A Russian police investigator interrogates a detained political artist, with the end result being that the detective — his eyes opened to the state’s abuses of power — renounces his badge. It sounds like a short story Nikolai Gogol or Fyodor Dostoyevsky might have written, but it actually happened last year.
According to the Moscow Times, police investigator Pavel Yasman was tasked with the job of eliciting a confession from Pyotr Pavlensky. The 31-year-old performance artist had been charged with vandalism after he burned tires on a UNESCO-protected bridge in St. Petersburg to show his support for the Euromaidan protests. The state now wants to imprison him for up to three years.

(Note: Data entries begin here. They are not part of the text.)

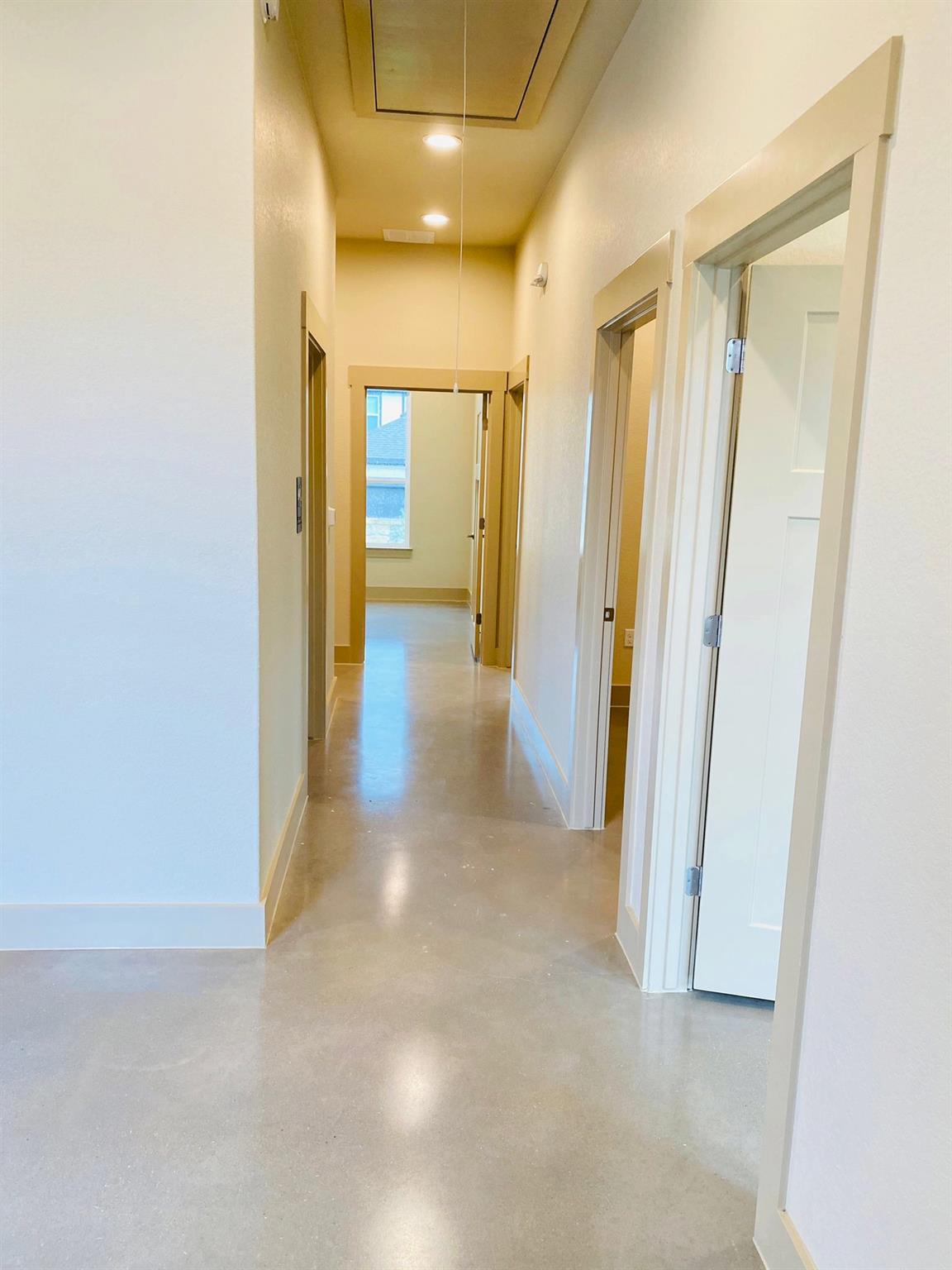 10824 E Crystal Falls Pkwy #504 Property Photo 3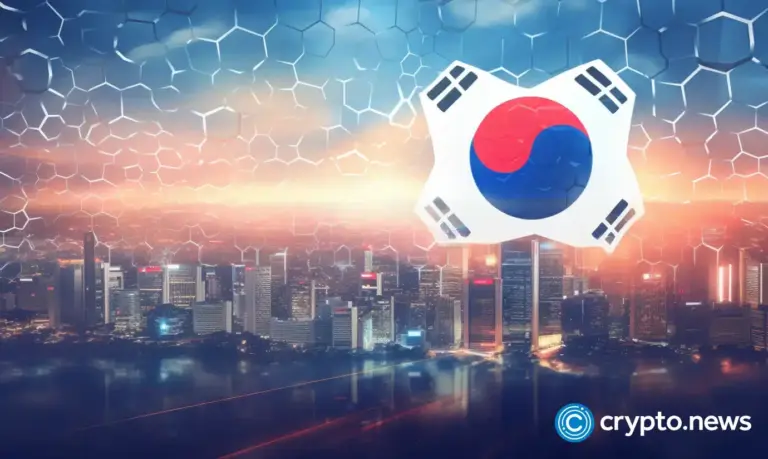 Nvidia expands South Korean AI partnerships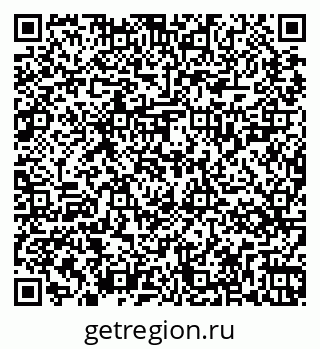 79267025493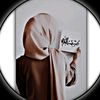 its.me.nusaiba1
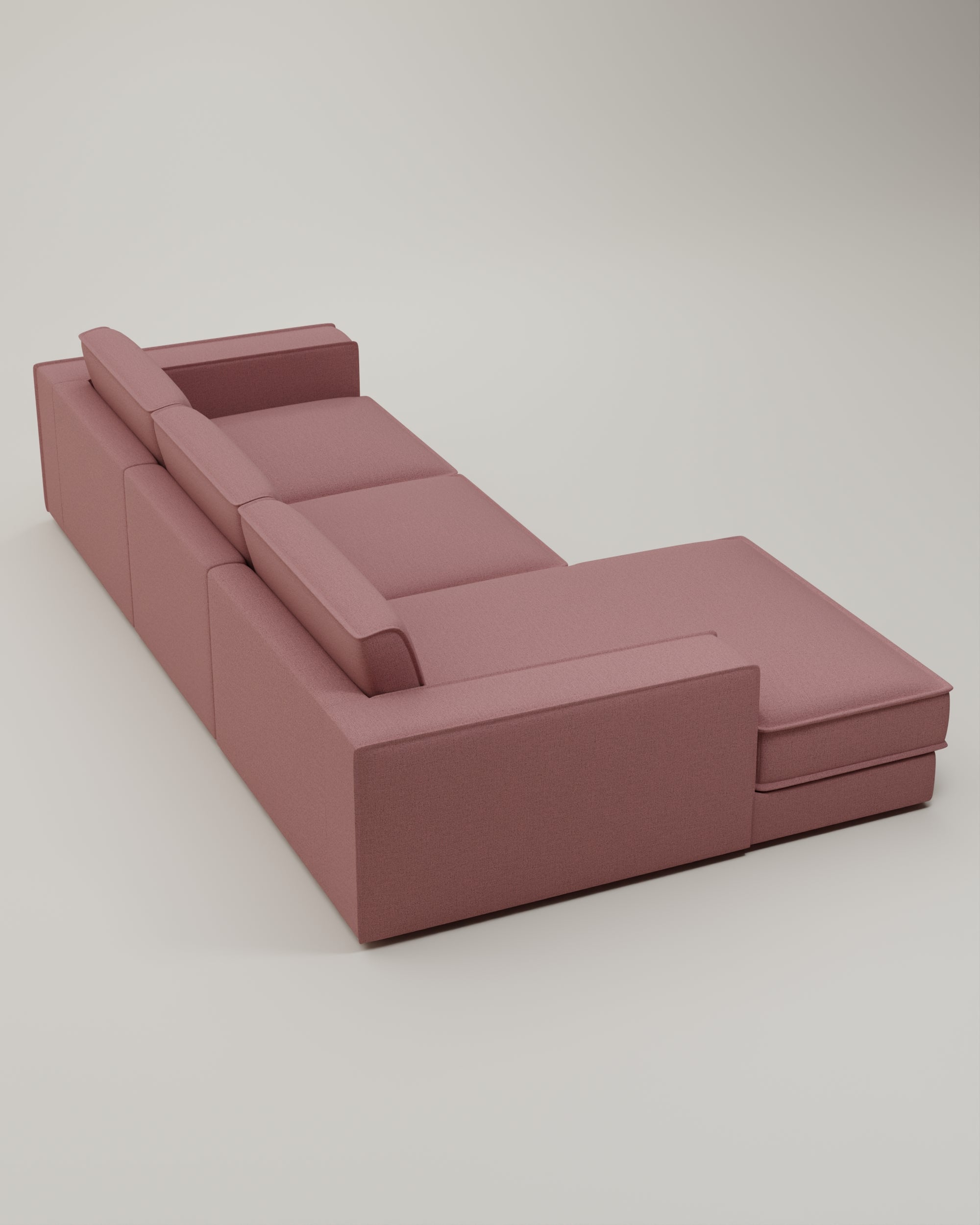 Terra-L-4Sitzer-deep-left-linea-blush-back.jpg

Given Pavlensky’s track record, it’s easy to understand why Russian authorities would want to put him away. His acts of political dissidence have included sewing his lips together during the 2012 Pussy Riot trial to symbolize state silencing; hammering a nail through his scrotum in Moscow’s Red Square in 2013 to show political indifference in Russian society; and cutting off his earlobe while sitting atop Moscow’s infamous Serbsky Institute in 2014 to call attention to how the government uses psychiatry wards to shut away political dissidents. It’s attention-grabbing stuff, meant to force Russians to think about political problems they may rather choose to ignore.

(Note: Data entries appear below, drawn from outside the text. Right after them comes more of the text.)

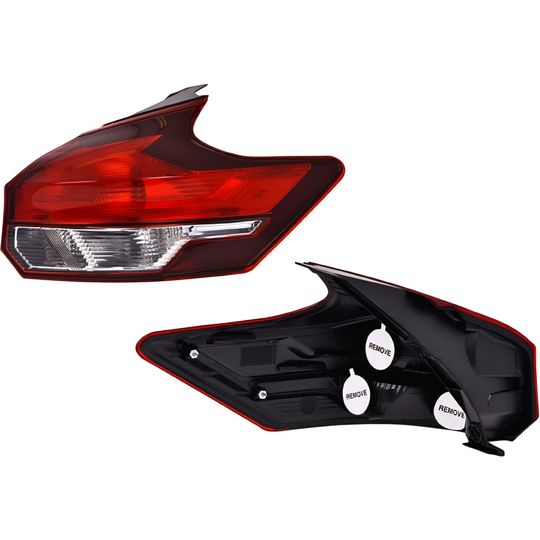 depo-calavera-nissan-kicks-2017-2019-kicks-0 depo-calavera-nissan-kicks-2017-2019-kicks-0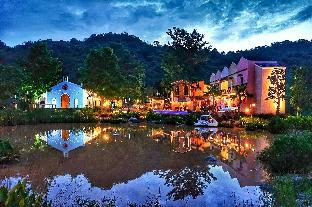 Khao Yai Thailand Promo Code Agoda.com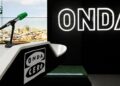Onda Cero presenta sus credenciales para este curso con Rafa Latorre como gran apuesta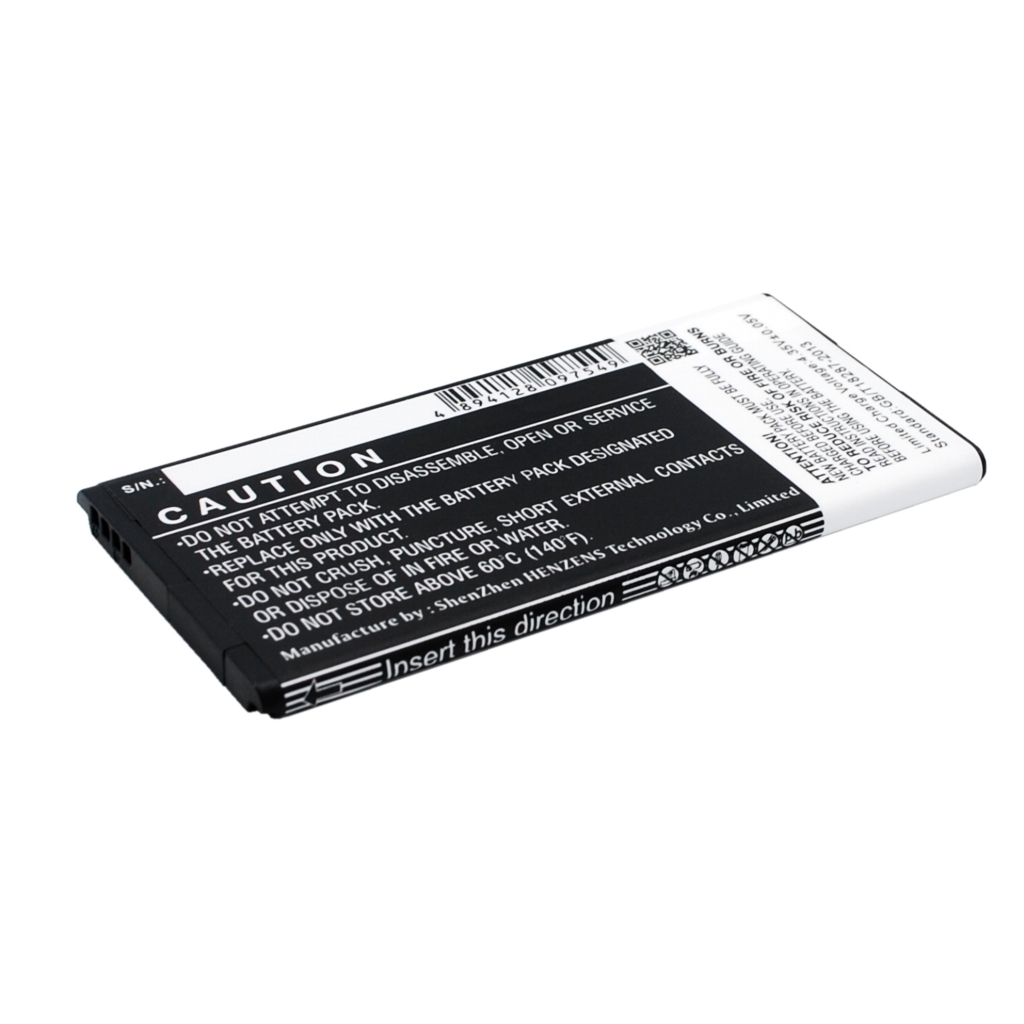 Mobile Phone Battery Asus CS-AUT005SL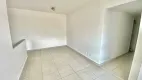 Foto 3 de Apartamento com 3 Quartos à venda, 70m² em Jaraguá, Belo Horizonte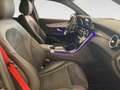 Mercedes-Benz GLC 43 AMG 4M Night+MULTIBEAM+Memory+MBUX+Navi-P Blau - thumbnail 10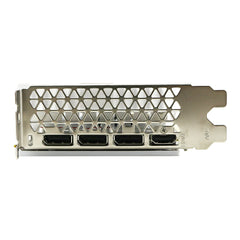 بطاقة رسومات MOUGOL الأصلية Radeon RX580 8G بذاكرة GDDR5 وبطاقة ألعاب فيديو PCIE3.0x16 DVI DP لأجهزة الكمبيوتر المكتبية وبطاقة AMD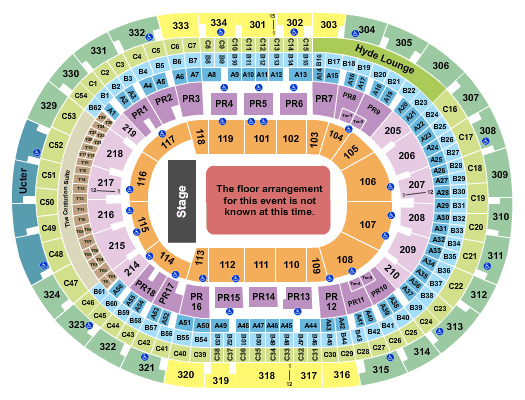 Disney on Ice: Jump In!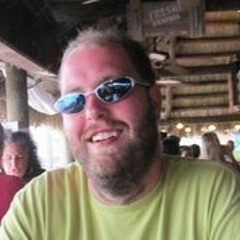 Brandon Gray 22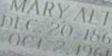 Mary Alta Weaver Dunagan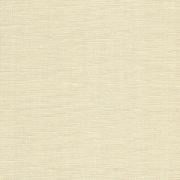 Edinburgh Linen 35 count - Soft Cream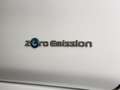 Nissan Leaf Visia 40 kWh | Tot € 3.000 klantvoordeel* | Keyles Wit - thumbnail 13
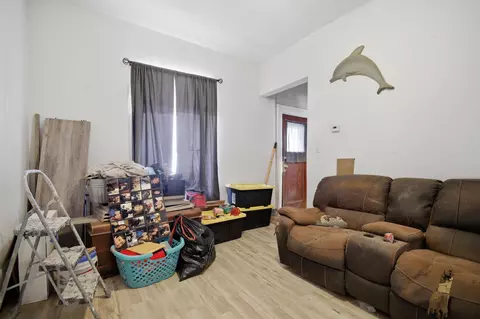 Other - 607 5th St NW, Austin, MN 55912 photo 2 of 4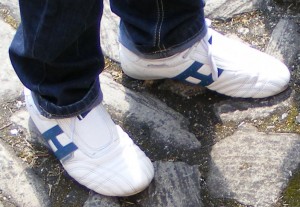 SE7280.jpg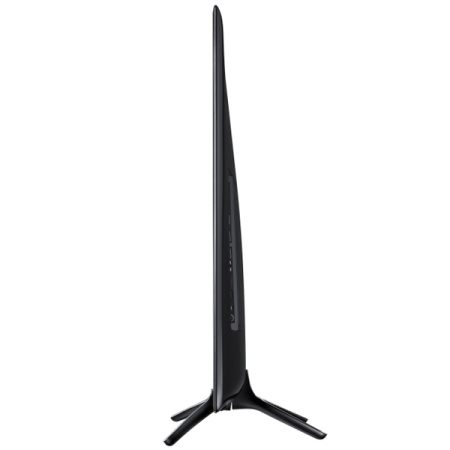 Телевизор Samsung UE32M5500AU 31.5" (2017)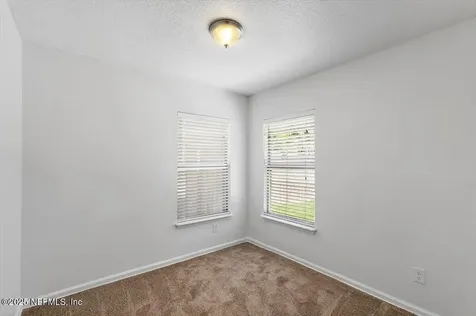 3264 Fox Squirrel Drive Orange Park FL 32073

Yasman’s interrogations led to lengthy discussions about the boundaries and nature of art. According to transcripts of the interview published by Snob magazine, the 30-year-old detective told Pavlensky that under the artist’s view of art, he could murder someone and still call it art. He also argued that if what Pavlensky does is art, then he could be called an artist too. “I am an artist of justice,” he mocked. “The context of my art is statistics … I have made an invaluable contribution to the formation of statistical reports.” Pavlensky spent a while explaining the ideas of Kazimir Malevich, and Yasman sardonically replied that it was too bad they couldn’t call in Malevich as a witness.
But over the course of three interrogations between March and June of 2014, Yasman’s tough-guy persona broke down. He eventually told Pavlensky, “Pyotr Andreyevich, I already got thoroughly screwed [by my superiors] because your case is still not in court.” Pavlensky replied, “So you agree that you are just a tool. The government simply makes tools out of people.” And Yasman answered, “I agree.”

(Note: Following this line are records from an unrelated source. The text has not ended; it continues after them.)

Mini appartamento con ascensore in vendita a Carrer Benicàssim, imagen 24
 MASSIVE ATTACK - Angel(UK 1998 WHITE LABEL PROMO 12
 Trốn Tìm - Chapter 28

Shortly afterward, Yasman resigned from his position, became a lawyer, and asked the St. Petersburg court to allow him to represent the artist — much to Pavlensky’s surprise. “I thought he was just trying to put me at ease and make me trust him during the interrogations,” he told the Moscow Times. “People in law enforcement agencies are forced to become tools; everything human in them is suppressed …. But many of them doubt that what they are doing is right, so the human element can rebel against the functional one.”
The court rejected Yasman’s request earlier this month, claiming he could not represent Pavlensky because he is an interested party. “Pavlensky is a very strong person. I think it’s great to believe so fervently in what you are doing,” Yasman told the Moscow Times. “I think his work has made many people become more critical and change their worldview.”